Why I’m Not Building A Search Marketing Agency

Most of my friends are building their own search marketing agencies these days, and they’re succeeding beyond their wildest expectations. Many of them have 5-15 employees, are doing seven figures a year in revenue, and are doing fantastic work for their clients.

I often get the question (I was asked it twice just this past week) “Have you thought about building an agency? You could be incredibly successful at it.” I smiled.

Most say this because of my software company GetCredo.com which generates 80+ SEO and digital marketing leads each month, and growing. These leads are anywhere from $1000 to over $10000 per month, so ostensibly I could cherry pick the best ones off the top and build an agency where I would not have the main issue most agencies have – consistent deal flow.
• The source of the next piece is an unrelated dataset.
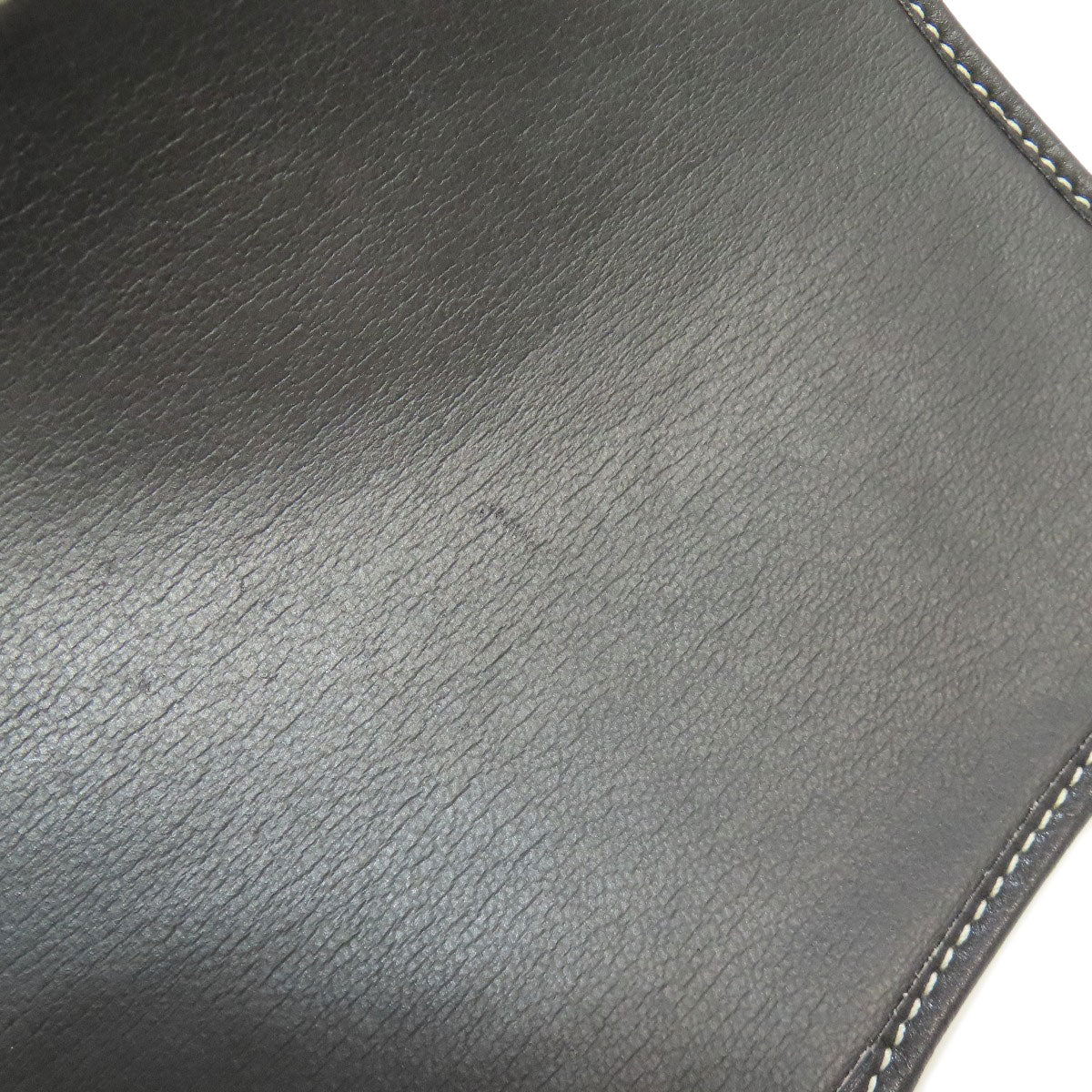 CHRISTIAN DIOR クリスチャンディオール ロゴ ショルダーバッグ レザー レディース 中古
And you know what? These friends are probably right. They are well meaning and genuinely want me to succeed in my business. They see an opportunity to generate lots of revenue, and then that I am not seizing it, so they wonder either what I am thinking (and that I’m being dumb) or what they are missing that I see that makes me not want to build my own agency.
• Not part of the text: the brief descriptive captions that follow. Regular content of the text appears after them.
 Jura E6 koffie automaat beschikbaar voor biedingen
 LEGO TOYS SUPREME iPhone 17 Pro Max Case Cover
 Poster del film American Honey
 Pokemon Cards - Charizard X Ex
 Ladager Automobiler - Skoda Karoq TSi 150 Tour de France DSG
And honestly, they’re not wrong. I am purposefully not seizing that huge revenue opportunity of an agency, and the people asking these questions are also missing something if they’ve never built their own agency. As I think about it, none of the people asking me why I’m not building an agency have ever built their own.

The response I sent to one of the question askers was this:

“I’m building a software company because it affords me the kind of lifestyle I want to live. An agency requires more people if you want to grow beyond just a consultancy, and that’s not what i want right now.”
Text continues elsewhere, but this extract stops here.